Toen ik vanochtend vanaf de camping in Casper de Poison Spider Road opzocht, bleek dat de weg afgesloten was in verband met wegwerkzaamheden. Op de kaart zag het er zo veelbelovend uit, een mooi klein kronkelweggetje, -precies- over de route van de originele Oregon Trail, dat ik bovendien vele kilometers lang zou kunnen volgen. Maar dat plan kon dus in de prullenbak.
Geen nood, ik ging gewoon naar Bessemer, een dorpje iets ten zuiden van Casper, en vervolgens in westelijke richting naar de Poison Spider Road.
Helaas, dat feest ging ook niet door. Ik sprak een stel wegwerkers die bezig waren een bord te plaatsen, en zij wisten me te vertellen dat de werkzaamheden bestonden uit het ‘maggen’ van de weg. Dit betekent dat er magnesium chloride op de weg wordt aangebracht, zodat het minder stoft. Volgens de mannen wilde ik daar echt niet doorheen rijden met de motor.
Terug naar de highway maar weer. Knarsetandend keek ik toe hoe de enorme rode rotswand aan mijn rechterzijde langzaam voorbij schoof. Die had ik graag van wat dichterbij willen bekijken.
Na een lange, saaie rit over de snelweg, daarbij af en toe lekker heen en weer gesmeten te worden door de hevige wind, deed ik een tweede poging. Geen wegwerkzaamheden hier, dit keer zou het goedkomen. Ik sloeg de snelweg af, en zat meteen op de gravelweg. Veel gebruikt blijkbaar, want de motor en ik werden verschrikkelijk door elkaar gerammeld door kilometers lang wasbord-achtige ondergrond. Het stuurde zo beroerd dat ik dacht dat ik òf een lekke voorband had, òf dat ik mijn balhoofdlager aan snot had gereden. Een mooi stukje stevig gravel volgde, en ik durfde weer wat harder te rijden. Het sturen ging nu gelukkig ook beter.
De omgeving was schitterend, maar veel afgelegener vind je het niet. Dwars door woestijnachtige vlakte, met aan de horizon al redelijk serieuze bergen van rode steen. Af en toe sprong een pronghorn, die nietsvermoedend tussen de alsem aan het grazen was, verschrikt weg.
Een half uurtje later reed ik een erf op van iets dat ooit een ranch moet zijn geweest. Overal stonden trucks naast de half verweerde schuurtjes, maar er was geen mens te bekennen. Ik klopte op de deur van het huis -toch maar even vragen of ik over deze weg mag rijden- maar daar was duidelijk al in geen jaren meer iemand binnen geweest. De vloer was eruit, en overal stond rommel.

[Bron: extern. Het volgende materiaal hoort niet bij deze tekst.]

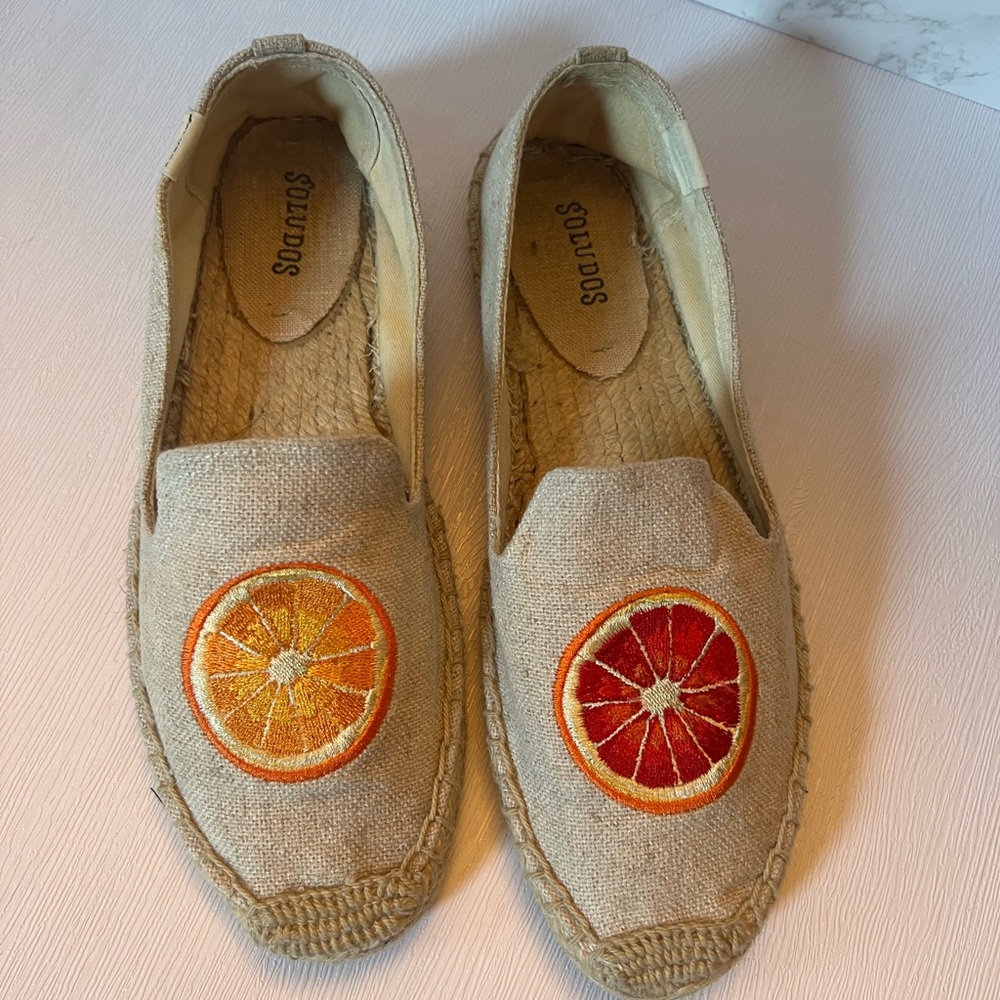 Soludos Citrus Slice Flat Espadrille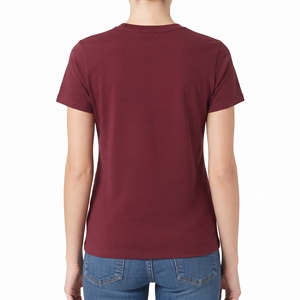 Camiseta Básica Holgada para Mujer, Ecológica y Optimizada, con Comodidad Elástica y Características Transpirables de Secado Rápido |   Industria Bolster - Product Image 4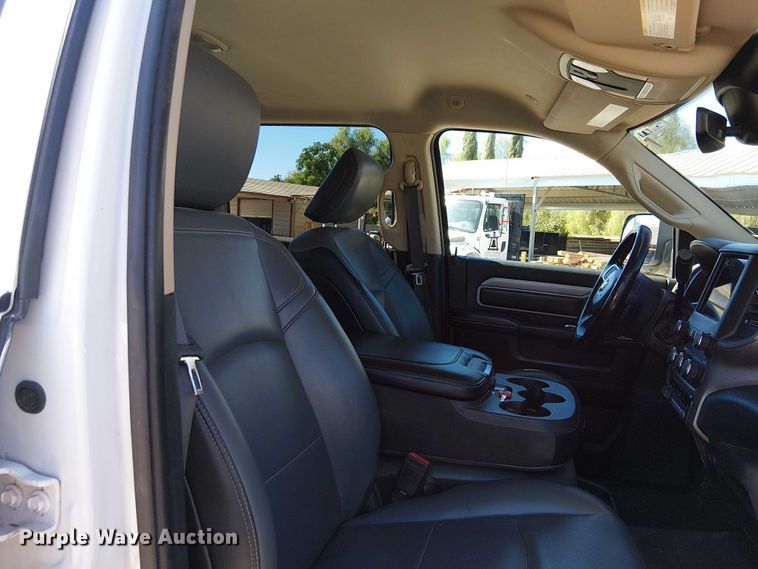 image for item EC1248 2020 RAM 2500 Crew Cab pickup truck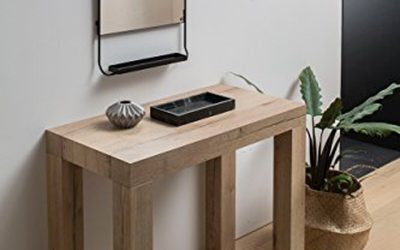 Test : table console icreo Atena extensible en chêne naturel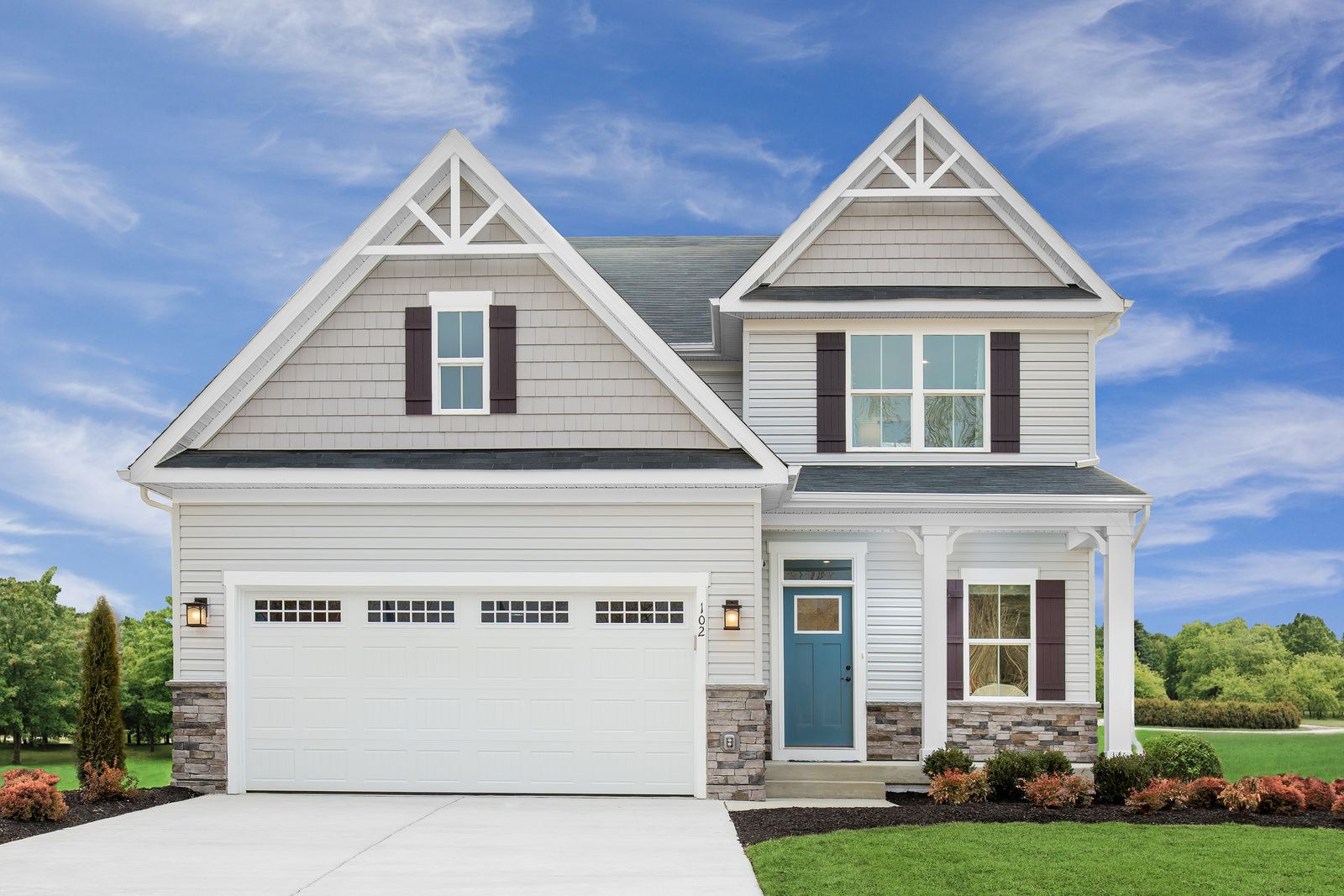 Ballenger - Stoney Creek: North Canton, Ohio - Ryan Homes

Ik stapte weer op de motor, maar toen ik de weg verder af wilde rijden, zag ik dat deze na het knullig gemaakte bruggetje gewoon ophield. Fantastisch. Terug naar de snelweg maar weer. De enige donkere wolken in heel zonnig Wyoming hingen vervolgens kilometers lang boven een rood brommertje dat langzaam over de snelweg gleed.
Aan het begin van de middag begon ik met poging drie. De Hudson – Atlantic City Road. Aan het begin van de weg stond een groot bord, waarop vermeld werd dat deze weg inderdaad in Atlantic City uitkwam.

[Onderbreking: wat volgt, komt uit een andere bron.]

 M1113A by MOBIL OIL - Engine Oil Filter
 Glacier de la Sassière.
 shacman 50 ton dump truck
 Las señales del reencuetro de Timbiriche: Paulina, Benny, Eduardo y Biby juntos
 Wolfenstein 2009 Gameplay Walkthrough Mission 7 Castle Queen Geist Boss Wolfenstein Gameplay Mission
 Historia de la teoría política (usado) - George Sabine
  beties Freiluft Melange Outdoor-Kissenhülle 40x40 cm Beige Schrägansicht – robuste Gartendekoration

Alles wat me eerder op de dag aan gravelwegen ontzegd was, werd hier goed gemaakt. Het landschap was niet uitzonderlijk mooi, maar wel fascinerend leeg. Soms had ik het gevoel dat ik door Mongolië reed. Zwarte koeien en kalveren graasden rustig tussen de struikjes alsem. Soms stonden ze midden op de weg, en moest ik er voorzichtig omheen rijden. Aan de horizon zag ik de eerste bergen van de Rocky Mountains verschijnen; de Wind River Range komt langzaam dichterbij. Ik keek mijn ogen uit. Het was een fantastische middag.